→ **EXERCISE DATA**:

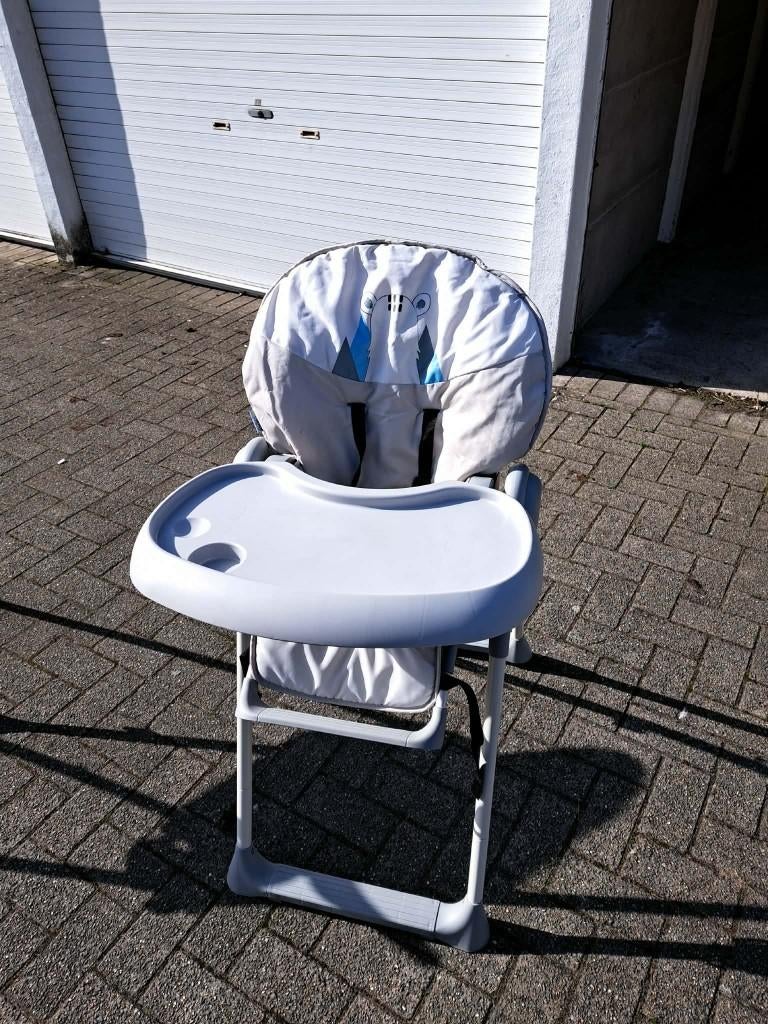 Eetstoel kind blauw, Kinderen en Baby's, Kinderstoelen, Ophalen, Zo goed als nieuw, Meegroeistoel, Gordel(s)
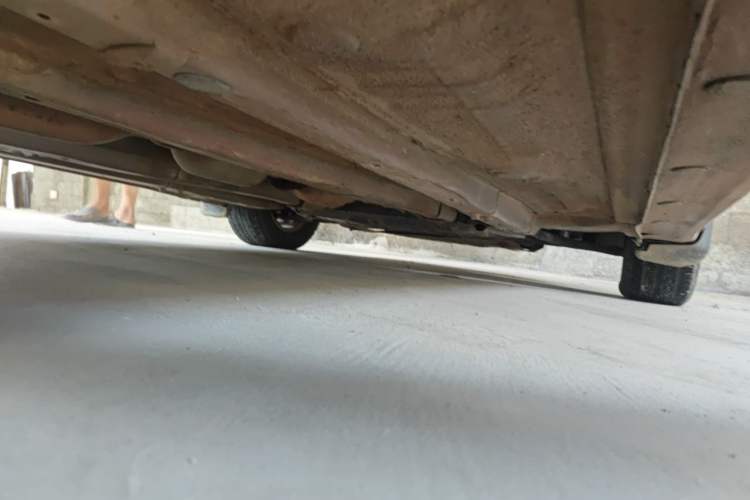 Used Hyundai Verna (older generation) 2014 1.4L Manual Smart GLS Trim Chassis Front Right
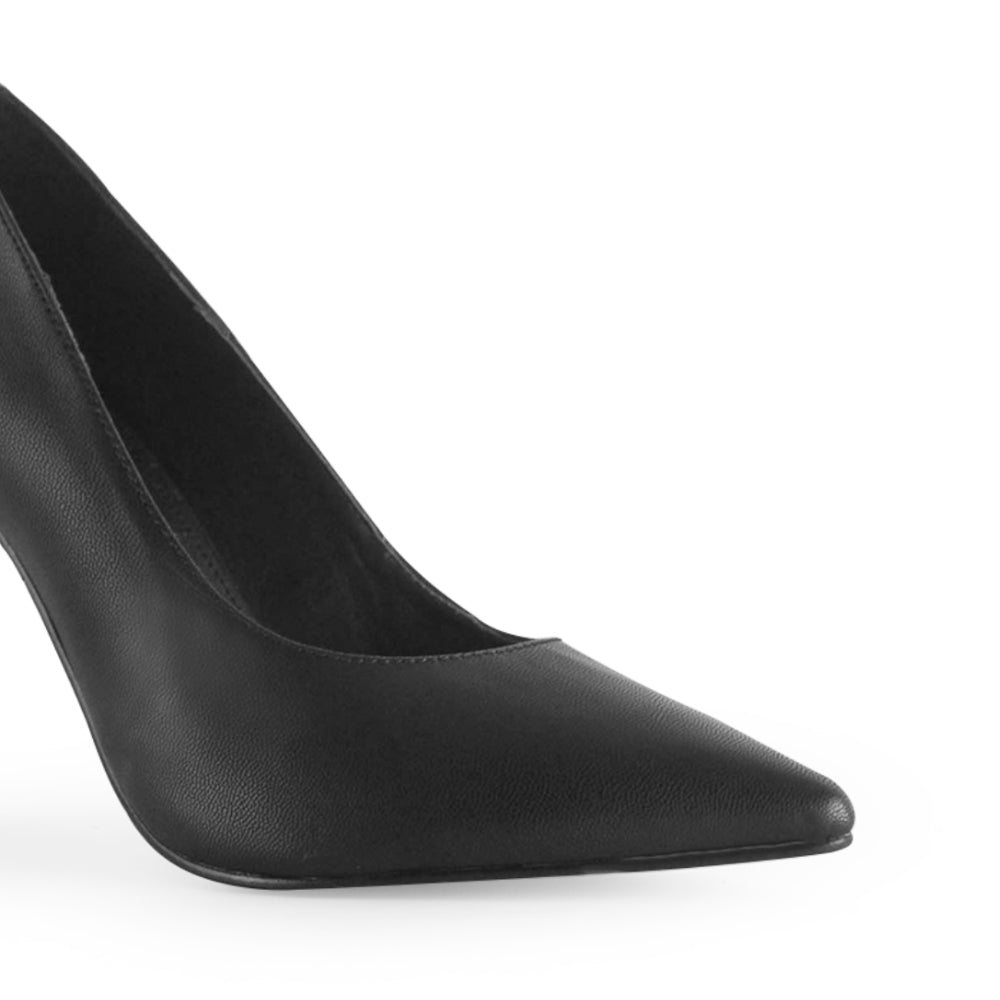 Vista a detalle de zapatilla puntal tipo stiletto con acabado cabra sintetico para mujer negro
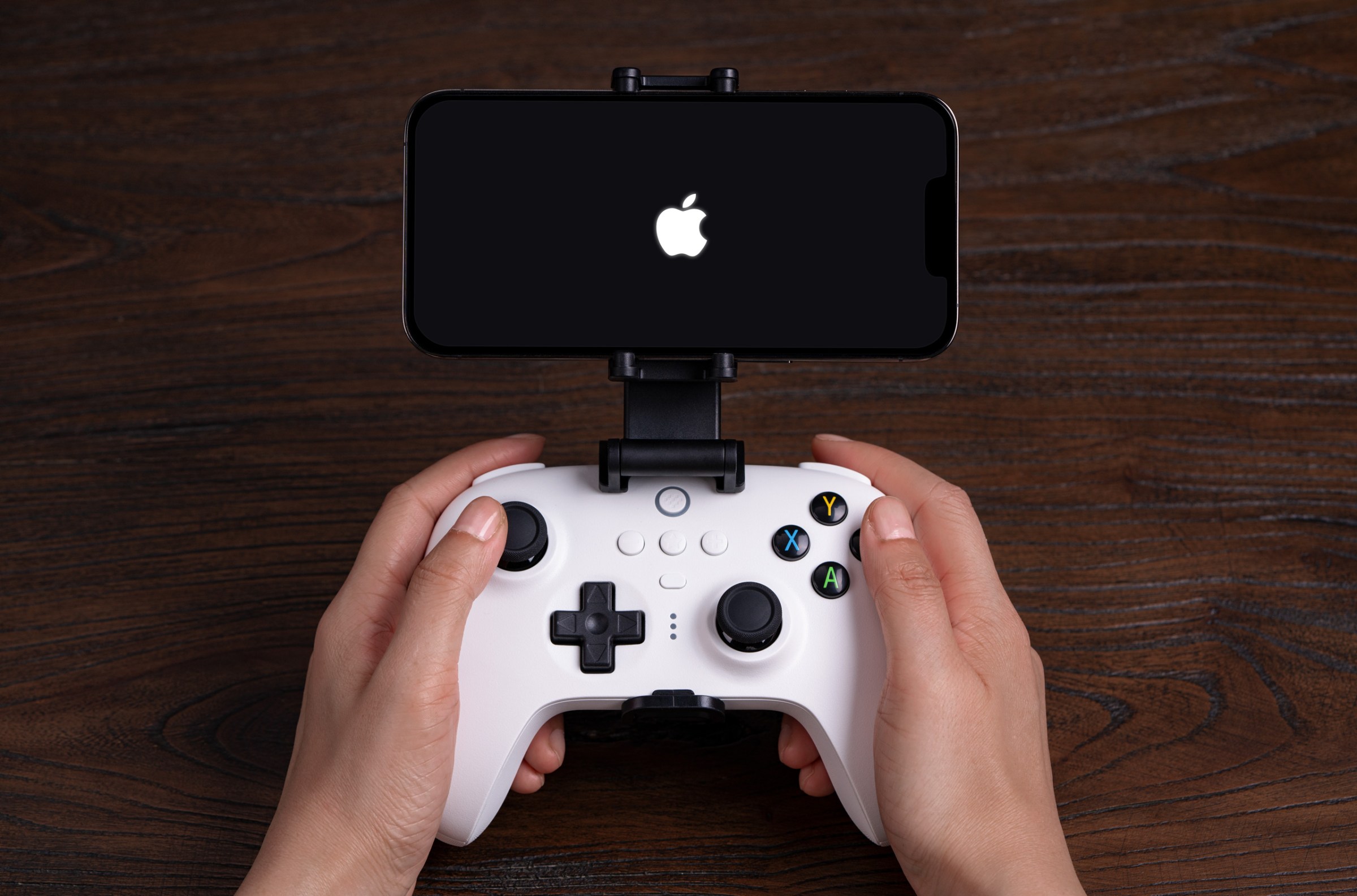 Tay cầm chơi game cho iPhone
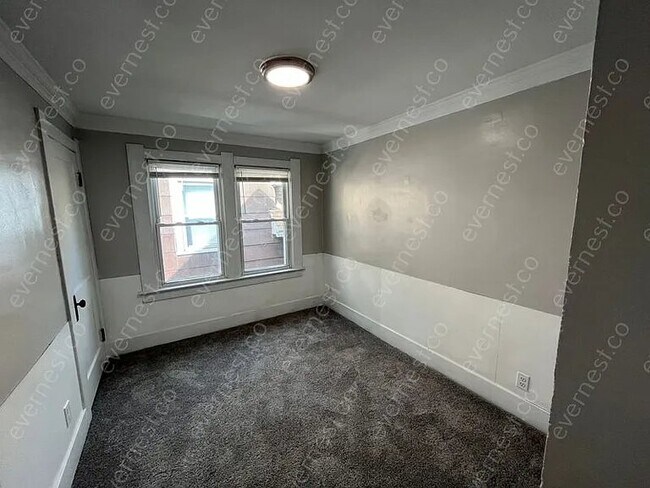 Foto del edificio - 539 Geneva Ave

→ **YOUR OBJECTIVE**:
Print the stretch of the data from the line with "Vista a detalle" through its last line, exactly and with both ends kept. Omit pictures.

→ **ANSWER BELOW**:
 Vista a detalle de zapatilla puntal tipo stiletto con acabado cabra sintetico para mujer negro
 Tay cầm chơi game cho iPhone
 Foto del edificio - 539 Geneva Ave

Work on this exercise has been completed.